[Input data]

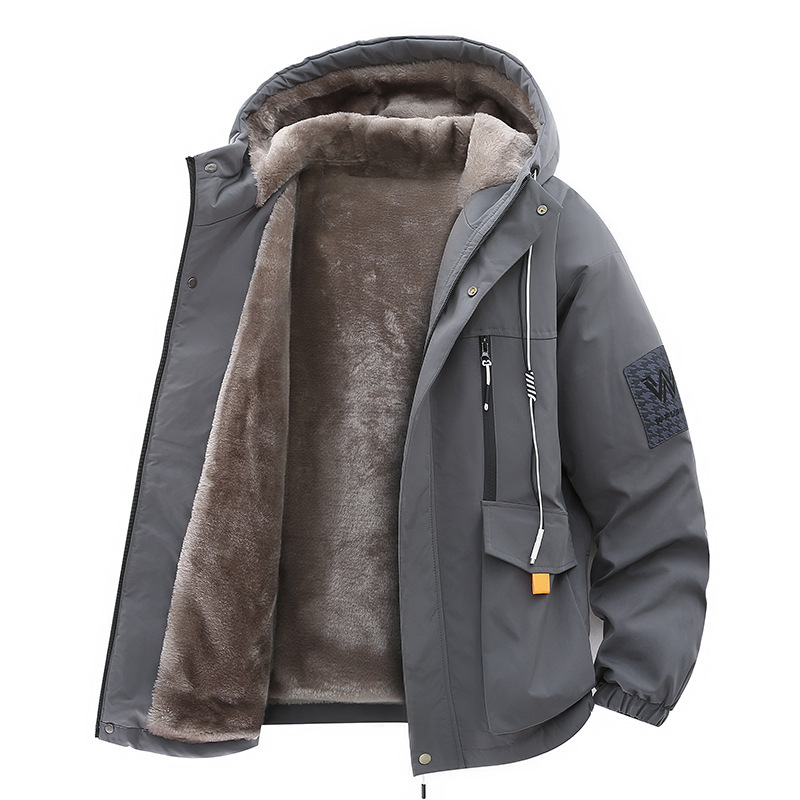 Winter Coat for Men, Fleece-Lined and Thickened, Trendy Brand Jacket, Hooded, Loose, Warm Cotton-Padded Jacket, Young Style Parka Winter Coat for Men, Fleece-Lined and Thickened, Trendy Brand Jacket, Hooded, Loose, Warm Cotton-Padded Jacket, Young Style Parka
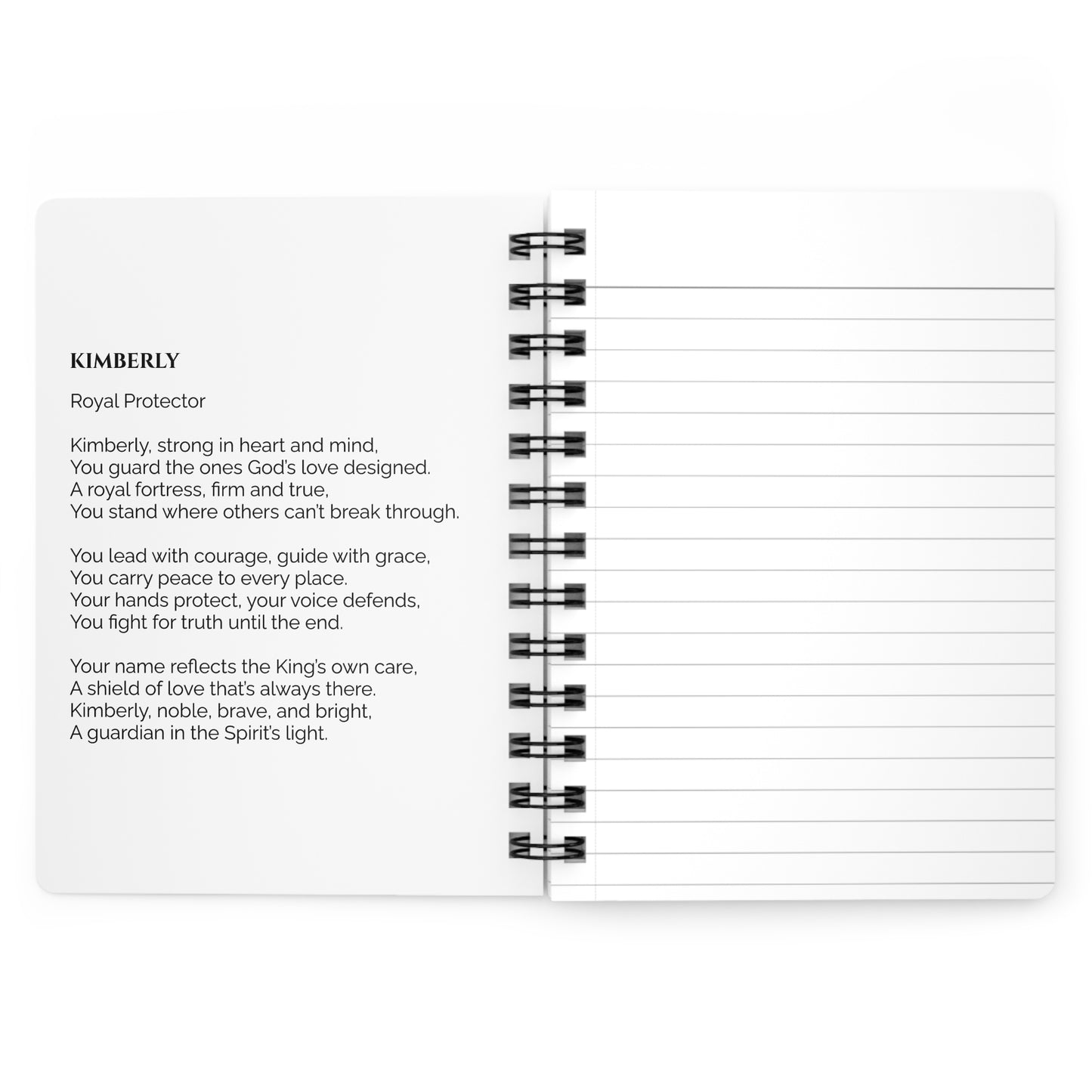 Kimberly - Custom Name Meaning Journal and Poem White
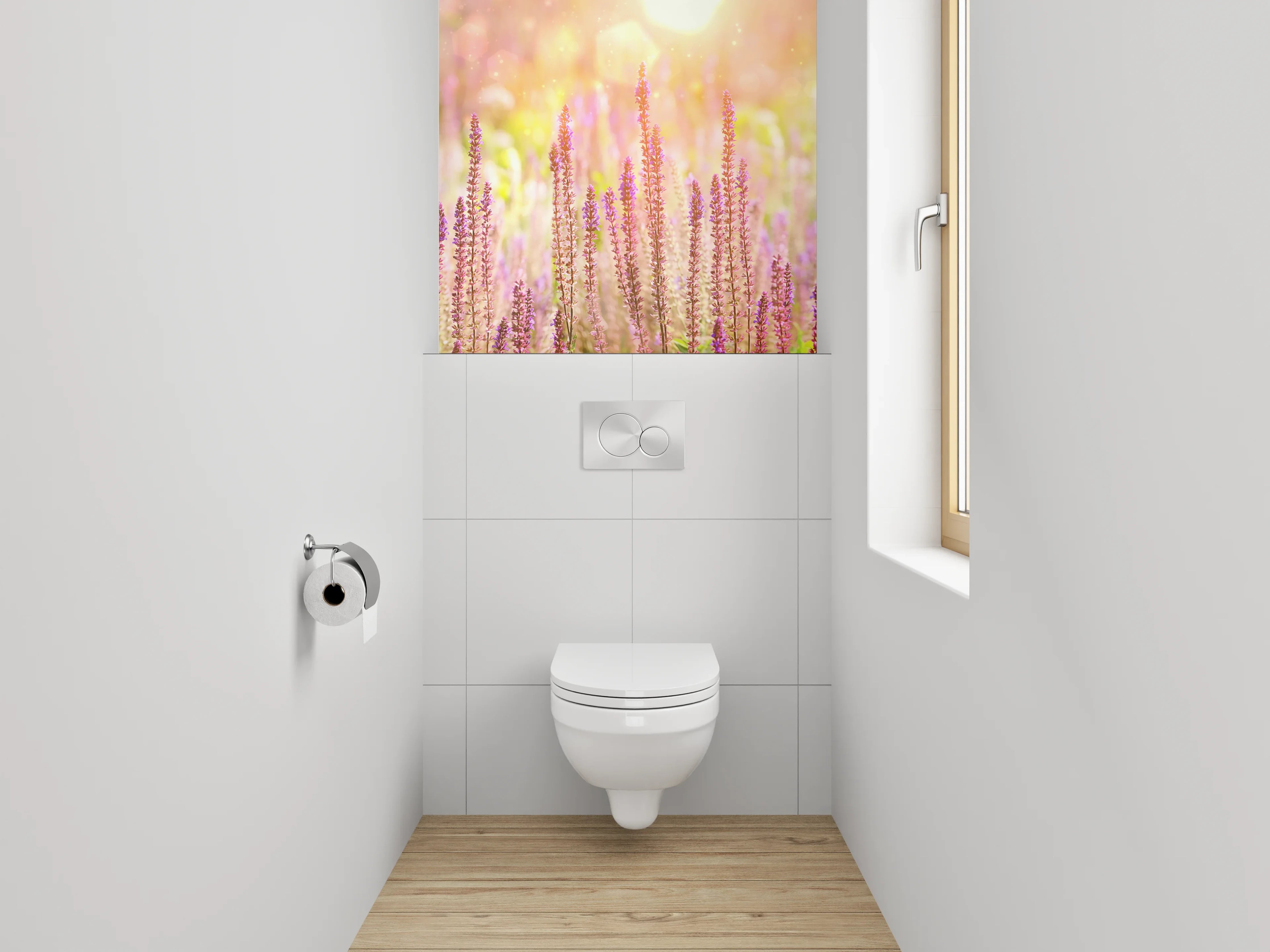 WC-Rückwand - Lavendelfeld im Sonnenlicht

[/Input data]

What is expected:
Copy out the lines above unchanged. Skip the images.

Answer space:
 Winter Coat for Men, Fleece-Lined and Thickened, Trendy Brand Jacket, Hooded, Loose, Warm Cotton-Padded Jacket, Young Style Parka Winter Coat for Men, Fleece-Lined and Thickened, Trendy Brand Jacket, Hooded, Loose, Warm Cotton-Padded Jacket, Young Style Parka
 Kimberly - Custom Name Meaning Journal and Poem White
 WC-Rückwand - Lavendelfeld im Sonnenlicht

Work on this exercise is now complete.